*WHAT THIS TASK INVOLVES*
Your answer should hold exactly the lines below from the line with "Story Dia Internacional" through the line with "MYPACK custom round", both included, and no pictures at all.

*EXERCISE INPUTS*

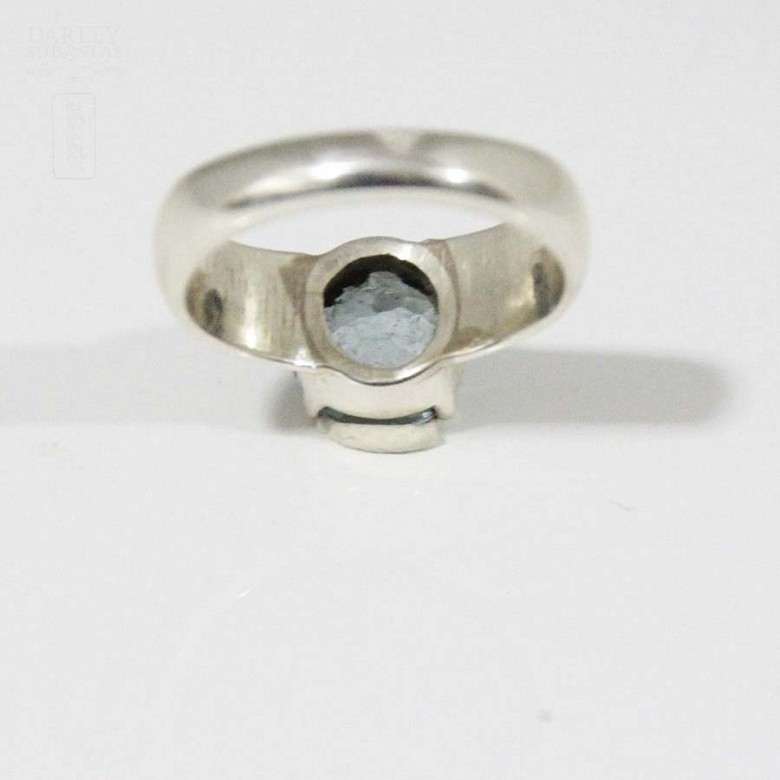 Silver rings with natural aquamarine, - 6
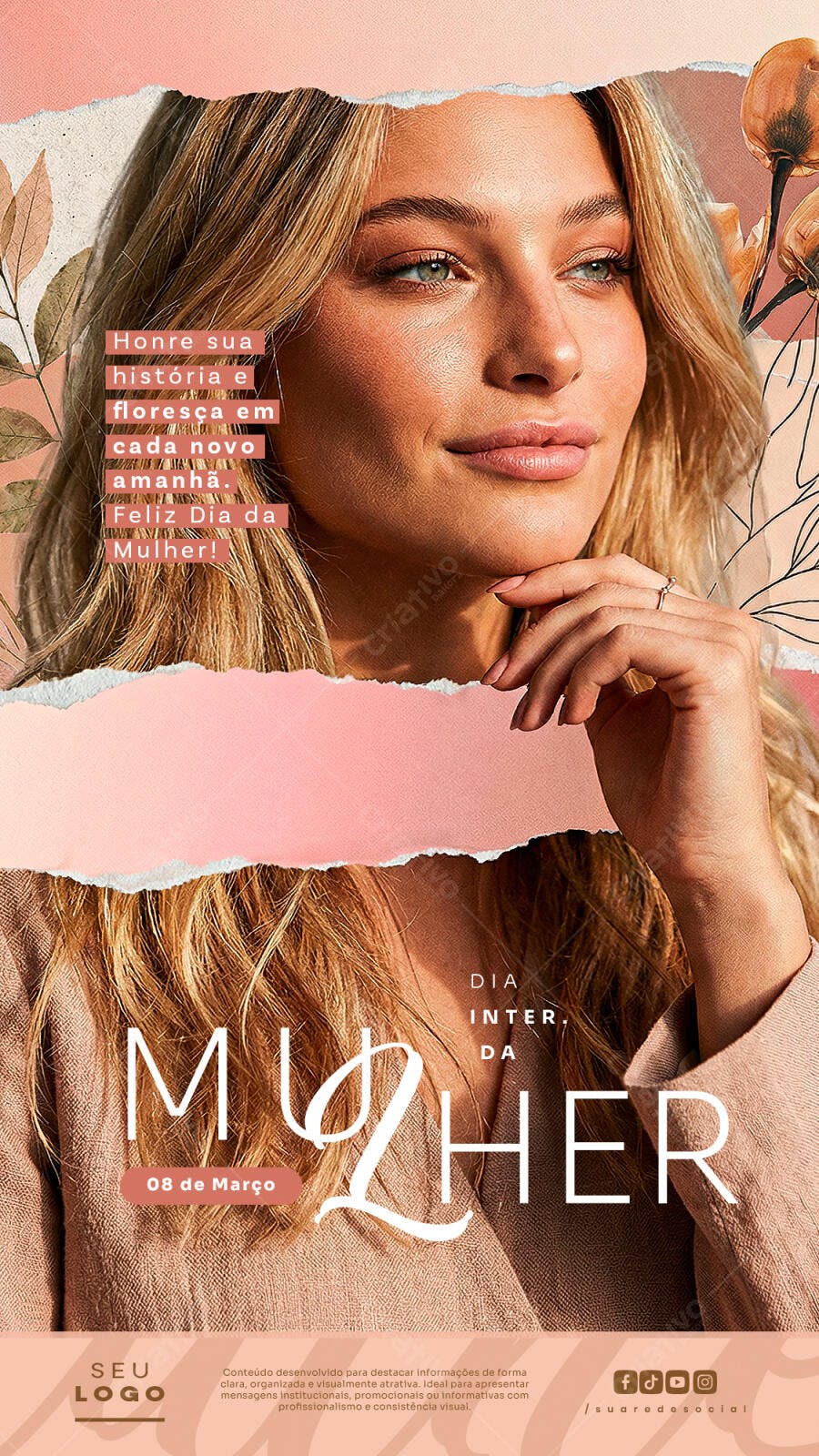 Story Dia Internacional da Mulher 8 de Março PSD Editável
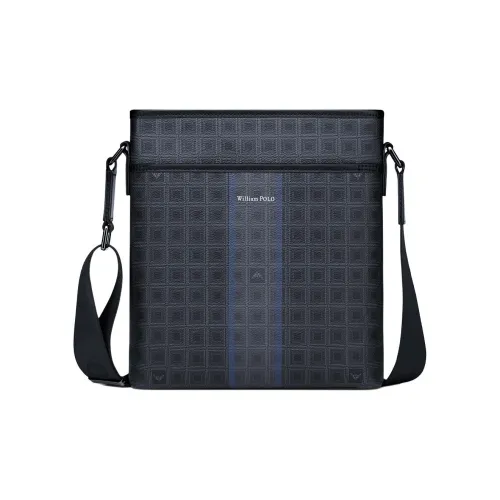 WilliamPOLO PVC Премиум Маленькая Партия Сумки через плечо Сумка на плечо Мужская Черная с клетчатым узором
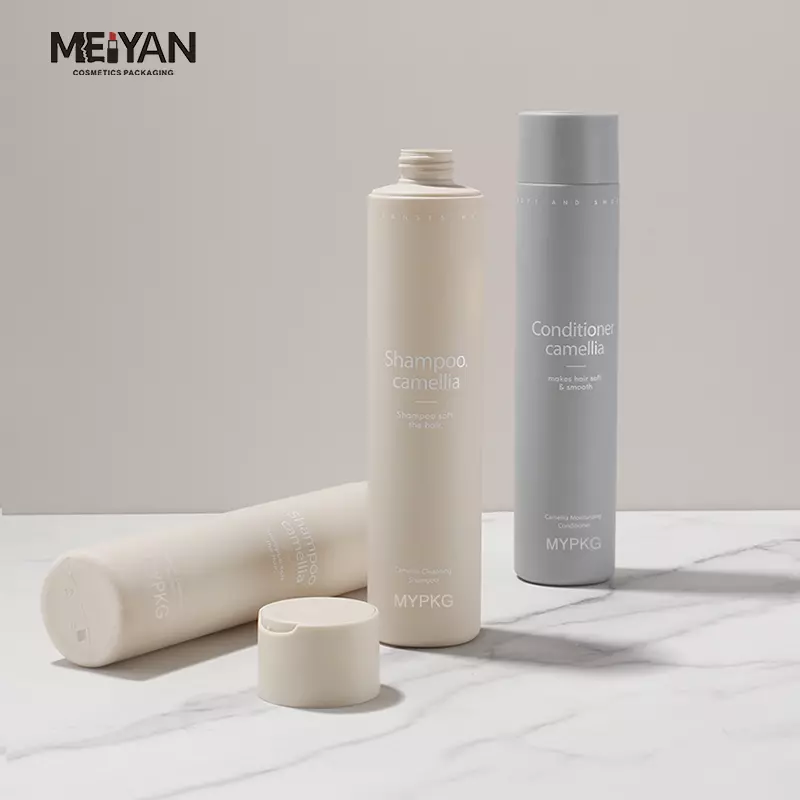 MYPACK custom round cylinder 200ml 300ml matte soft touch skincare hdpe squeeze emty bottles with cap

...

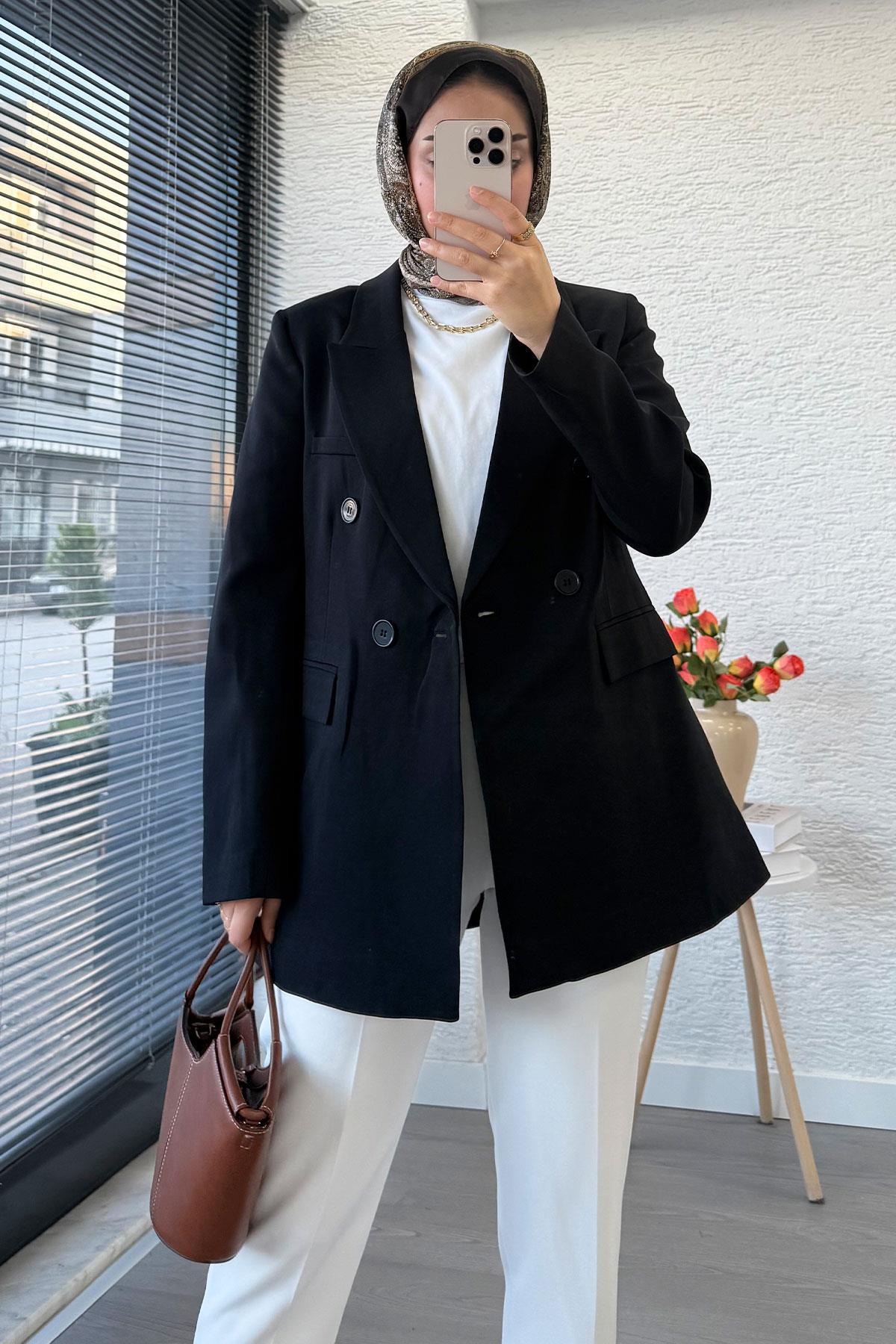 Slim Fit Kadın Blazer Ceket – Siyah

*ANSWER AREA*
 Story Dia Internacional da Mulher 8 de Março PSD Editável
 WilliamPOLO PVC Премиум Маленькая Партия Сумки через плечо Сумка на плечо Мужская Черная с клетчатым узором
 MYPACK custom round cylinder 200ml 300ml matte soft touch skincare hdpe squeeze emty bottles with cap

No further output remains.